ARNOLD: A Benchmark for Language-Grounded Task Learning With Continuous States in Realistic 3D Scenes

ICCV 2023

1University of California, Los Angeles, 2Peking University, 3Tsinghua University,
4Columbia University, 5National Key Laboratory of General Artificial Intelligence, BIGAI

✶ indicates equal contribution

We present ARNOLD, a benchmark that evaluates language-grounded task learning with continuous states in realistic 3D scenes. ARNOLD provides 8 tasks with their demonstrations for learning and a testbed for the generalization abilities of agents over (1) novel goal states, (2) novel objects, and (3) novel scenes.

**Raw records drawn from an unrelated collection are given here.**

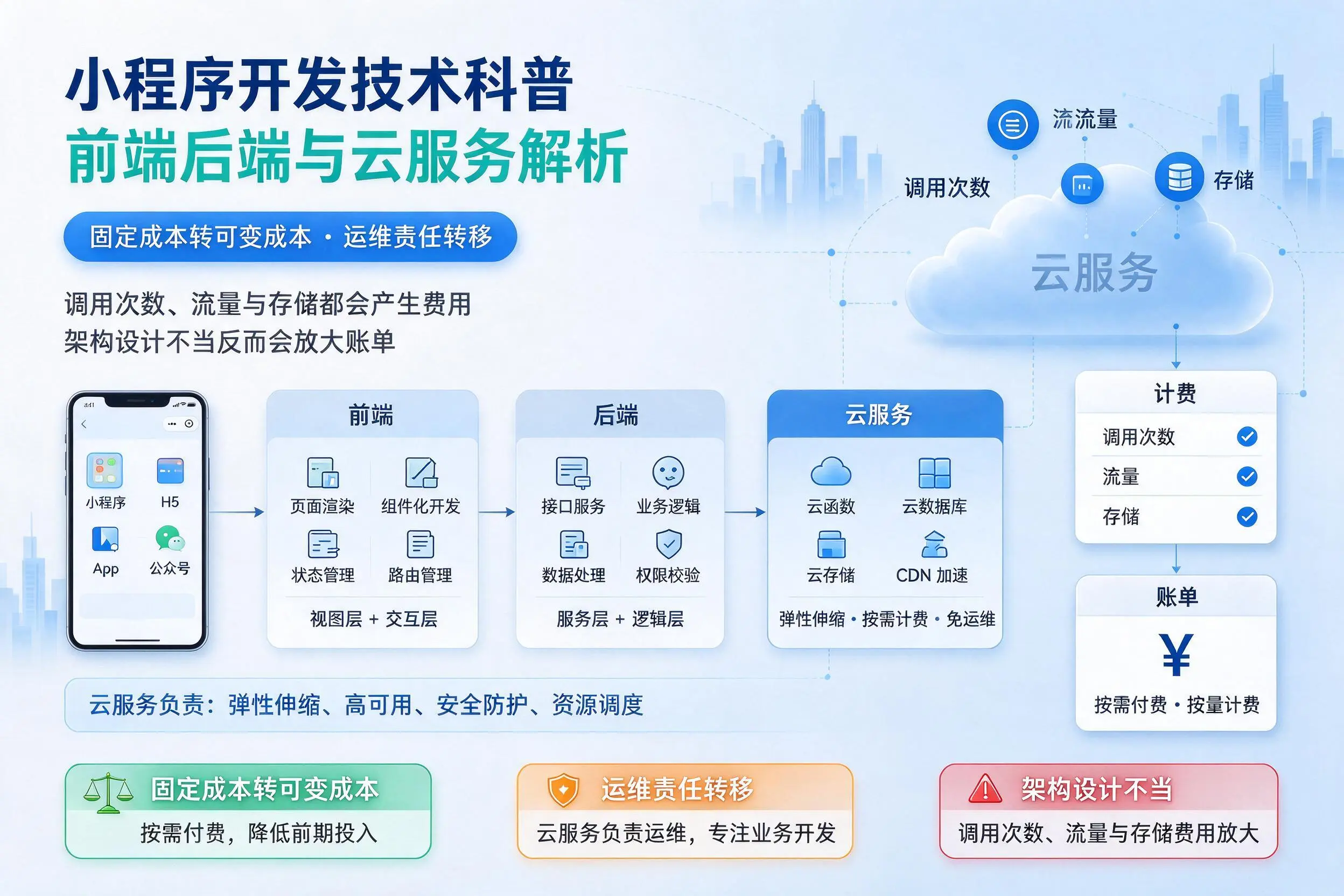 雅安小程序开发技术科普：前端后端与云服务解析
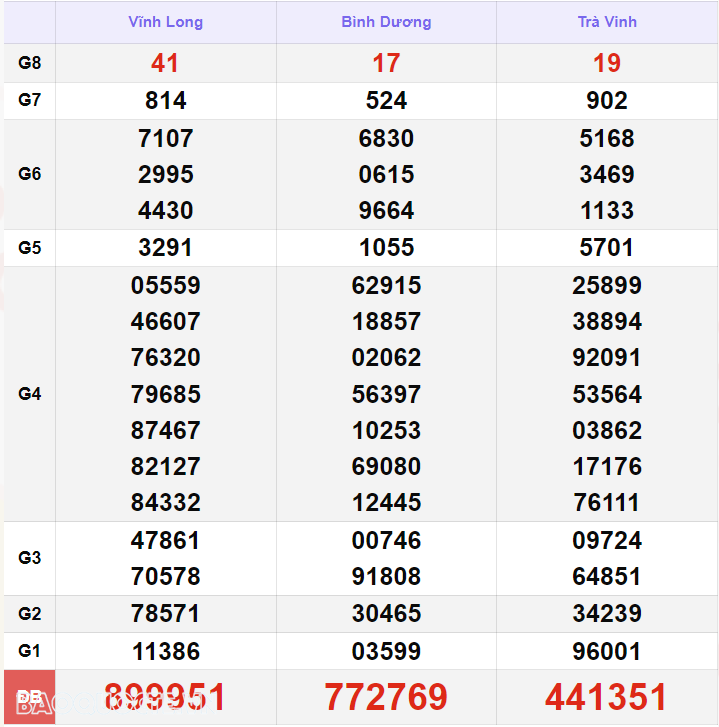 Kết quả xổ số hôm nay, 15-10: XSMN 15/10 - Xổ số Bến Tre, xổ số Vũng Tàu và xổ số Bạc Liêu Kết quả xổ số hôm nay, 15 10: XSMN 15/10 - Xổ số Bến Tre, xổ số Vũng Tàu và xổ số Bạc Liêu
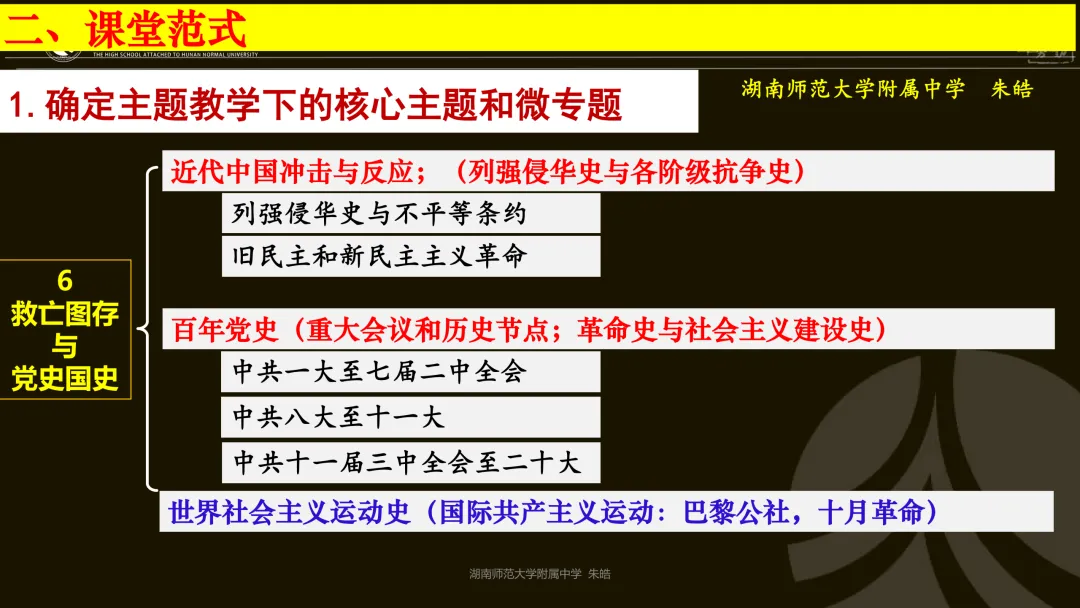 靶向精研,提质备考——浅谈湖南卷真题研究及高三二轮复习备考 第32张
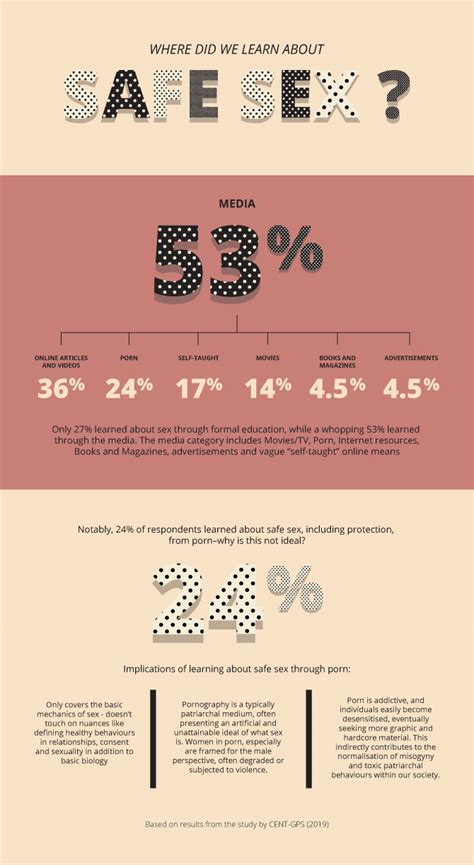 Let S Talk About Sex Ual Health Education In Malaysia Buro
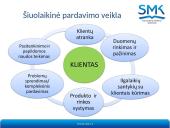 Pardavimo veiklos esmė ir reikšmė verslui 5 puslapis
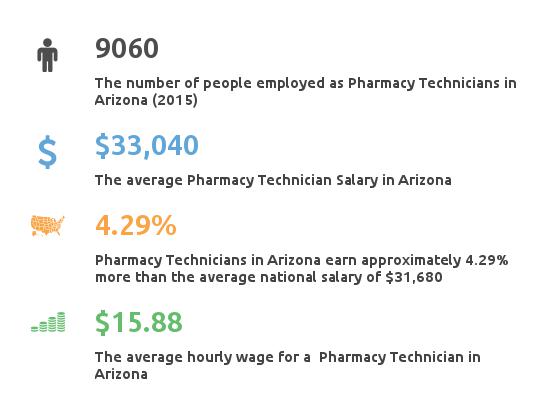 Pharmacy Tech Arizona AZ - Top Accredited Programs & Average Income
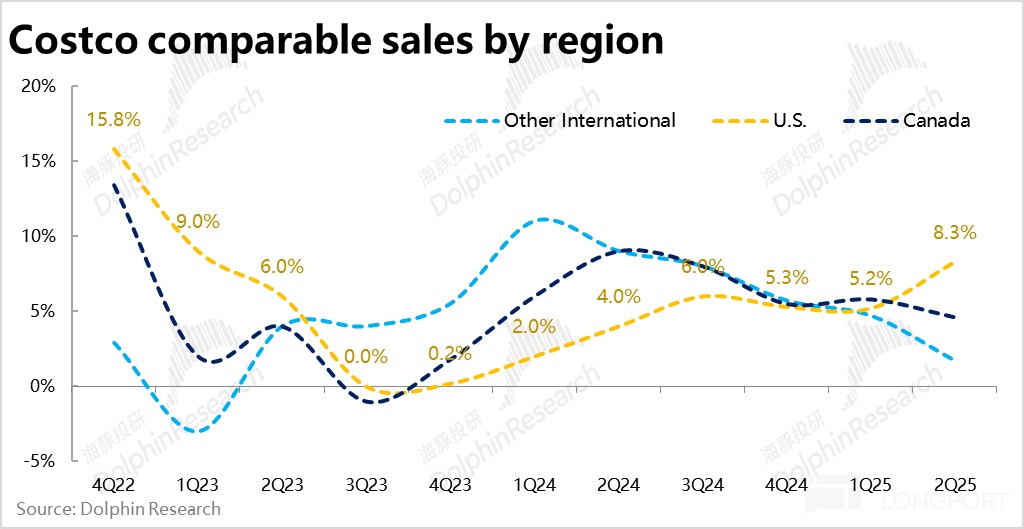 Costco 2025 财年 Q2 财报解析：零售增长强劲，但美国消费通胀回暖？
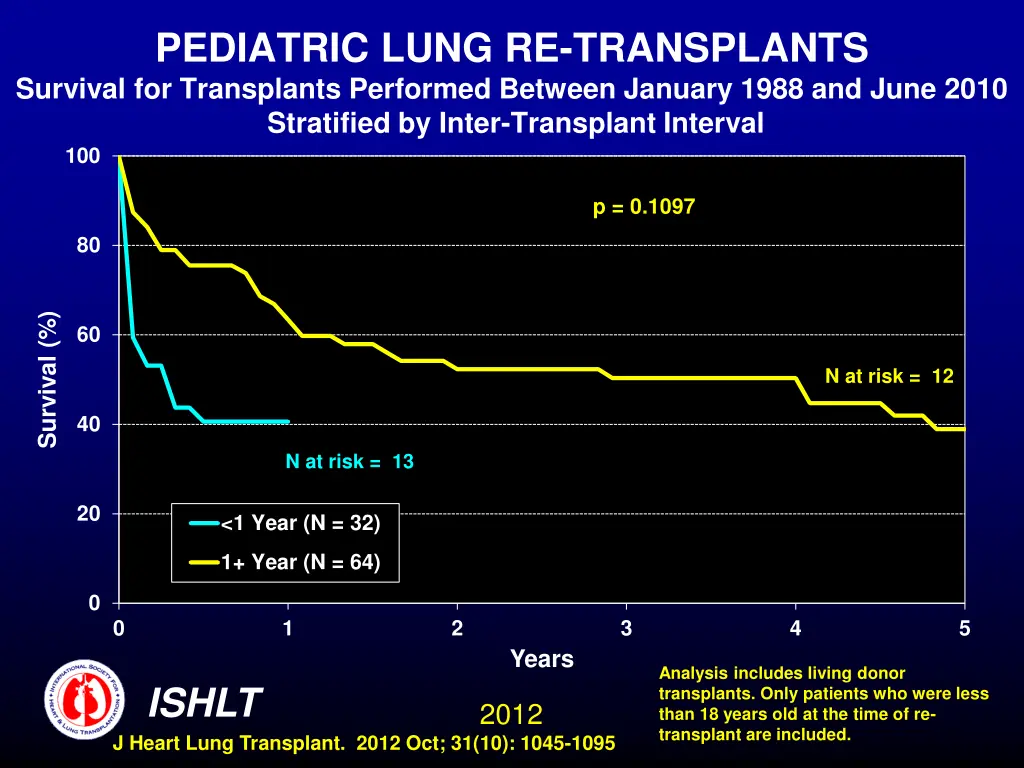 pediatric lung re transplants survival 1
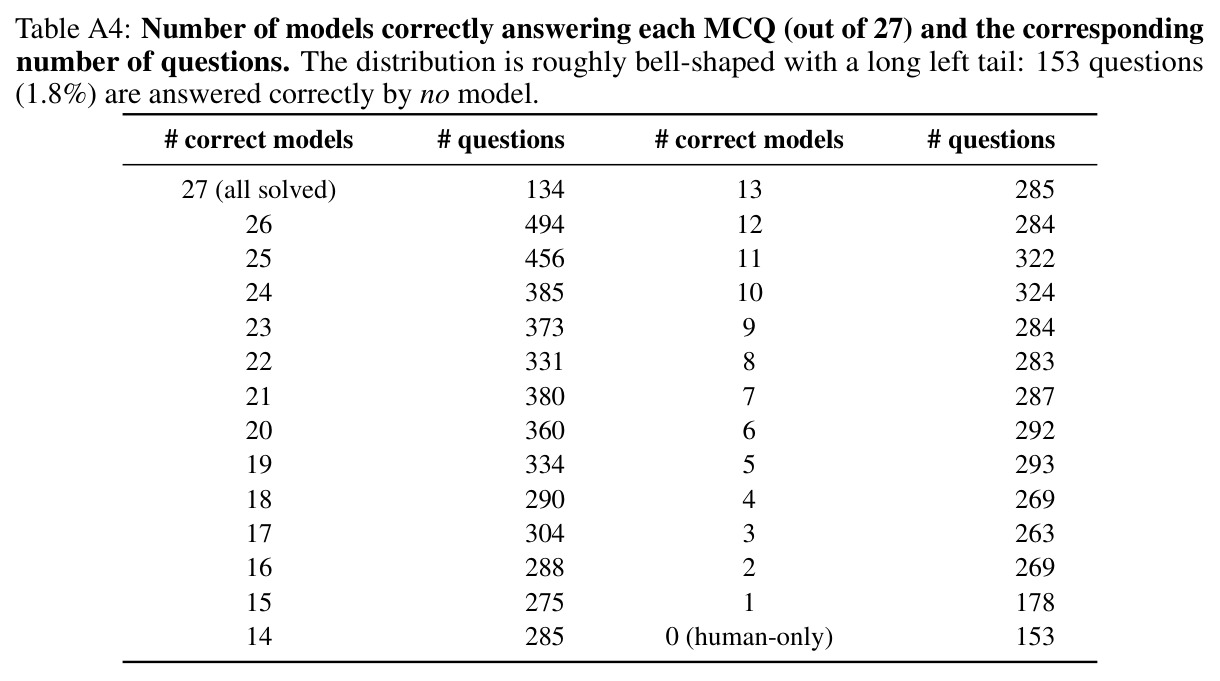 table_a4.jpg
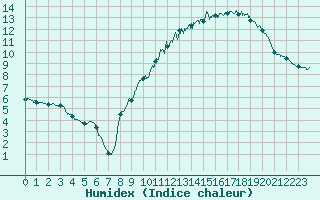Courbe de l'humidex pour Metz (57)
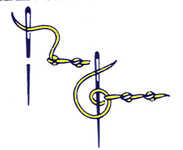 Knotted chain stitch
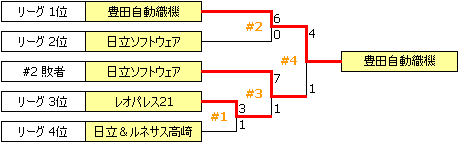 JSL2006.PNG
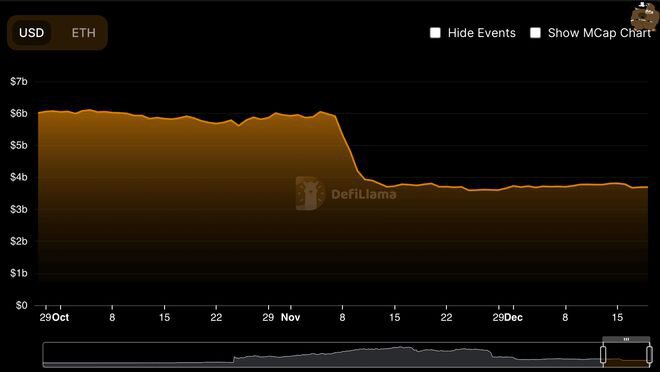 CRV其价格在过去 24 小时内下跌了 0.66%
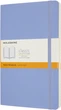 Записная книга Moleskine Classic 13 x 21 см 192 страницы в линейку Голубая мягкая обложка (8056420850932) - изображение 1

Understanding the continuous states of objects is essential for task learning and planning in the real world. However, most existing task learning benchmarks assume discrete (e.g., binary) object goal states, which poses challenges for the learning of complex tasks and transferring learned policy from simulated environments to the real world. Furthermore, state discretization limits a robot's ability to follow human instructions based on the grounding of actions and states. To tackle these challenges, we present ARNOLD, a benchmark that evaluates language-grounded task learning with continuous states in realistic 3D scenes. ARNOLD is comprised of 8 language-conditioned tasks that involve understanding object states and learning policies for continuous goals. To promote language-instructed learning, we provide expert demonstrations with template-generated language descriptions. We assess task performance by utilizing the latest language-conditioned policy learning models. Our results indicate that current models for language-conditioned manipulations continue to experience significant challenges in novel goal-state generalizations, scene generalizations, and object generalizations. These findings highlight the need to develop new algorithms that address this gap and underscore the potential for further research in this area.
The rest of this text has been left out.